Yes, I do believe that I don’t heal anyone. I only provide an access to Healing Energies which the recipient may not have been able to access while acting alone. My role as a facilitator of healing is important in this equation.
If we each have the ability to heal ourselves, why do we need to see other Healers? Yes, I do self-healing work but when I know I have a deep-seated issue needing healing I go to someone else to receive healing from them. Why?
Because I know at those times that I need that Healing energy to move through another Healer in order to facilitate appropriate healing and change.

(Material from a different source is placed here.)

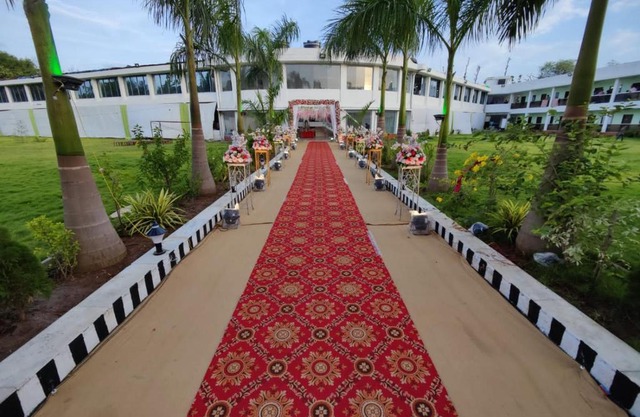 RAJ RESORT & BANQUETS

Ego can and does come into play here. How often when doing healing work on yourself, do you find yourself trying to direct that healing to where you think it should go, instead of allowing it to flow where it needs to go? Yeah, I do it to.
The Paradox of Ego
I know when my Ego is getting in the way of the Healing work I do because it is then that I find myself focusing on what I want the outcome to be.
But, a complete denial of Ego’s place in healing work can lead to hubris, a sense of “I always do this work in service from a place of complete selflessness and anyone who doesn’t work in this same way is doing it wrong/ is not a ‘True Healer’.”
And that, is also Ego controlling outcome.
The tube connecting source with recipient is just as important as both the source and the recipient
My service as a Healer matters. The work I do as a Healer is important, it has worth. That is why I freely and proudly call myself a Healer.
It’s when we forget this, when the Tube through which Healing flows begins to think itself more important than either the Source or the Recipient, that problems start to arise.